When I write about discerning an eremitical vocation and the importance of the critical transition that must be made from being a lone pious person living physical silence and solitude to essentially being a hermit living "the silence of solitude," I am speaking of a person who has moved from the prison of illness to illness as passage to another world through the redemptive grace of God. We cannot empower or accomplish such a transition ourselves. The transfiguration of our lives is the work of God. At the same time, the scars of our lives will remain precisely as an invitation to others to see the power of God at work in our weakness and in God's own kenosis (self-emptying). These scars become signs of God's powerful presence in our lives while the illness or woundedness become Sacraments of that same presence and power, vivid witnesses to the One who loves us in our brokenness and yet works continuously to bring life, wholeness, and meaning out of  death, brokenness, and absurdity.

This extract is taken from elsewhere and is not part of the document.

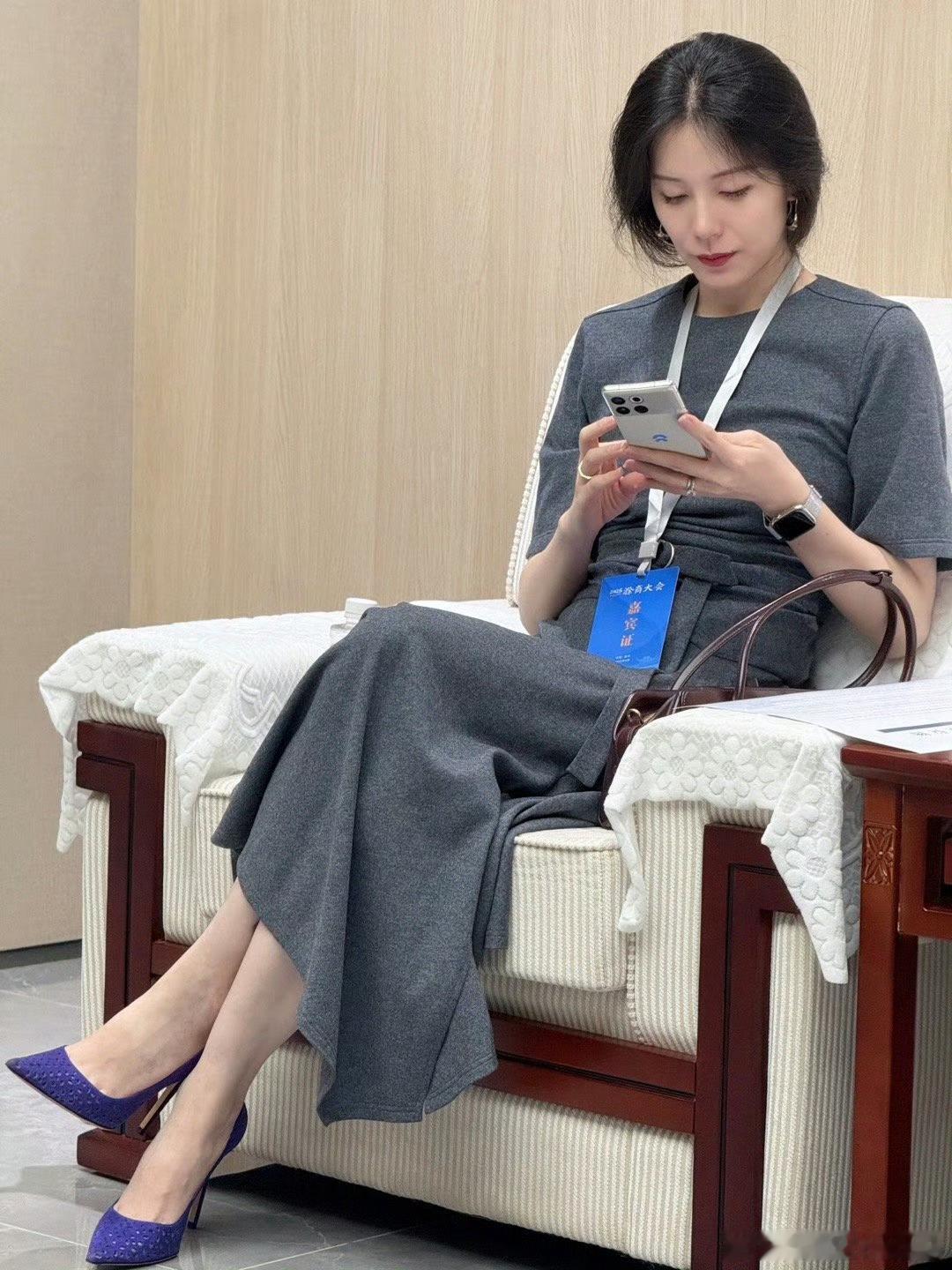蔚来老板娘私下真用蔚来手机。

To become a hermit (especially to be publicly professed as a Catholic hermit) someone suffering from chronic illness has to have made this transition. Their lives may involve suffering but the suffering has become a sacrament which attests less to itself  (and certainly not to an obsession with pain) but to the God who is a Creator-redeemer God. What you tend to see as an obstacle to living a meaningful profoundly prophetic religious or eremitical life seems to me to be a symbol of the heart of the Gospel of Jesus Christ. It also seems to me to remind us of the nature of "heavenliness" in light of the Ascension. Remember that one side of the salvation event we call the Christ is God's descent so that our world may be redeemed and entirely transformed into a new creation. But the other side of this Event is the Ascension where God takes scarred humanity and even death itself up into his own life --- thus changing the very nature of heaven (the sovereign life of God shared with others) in the process.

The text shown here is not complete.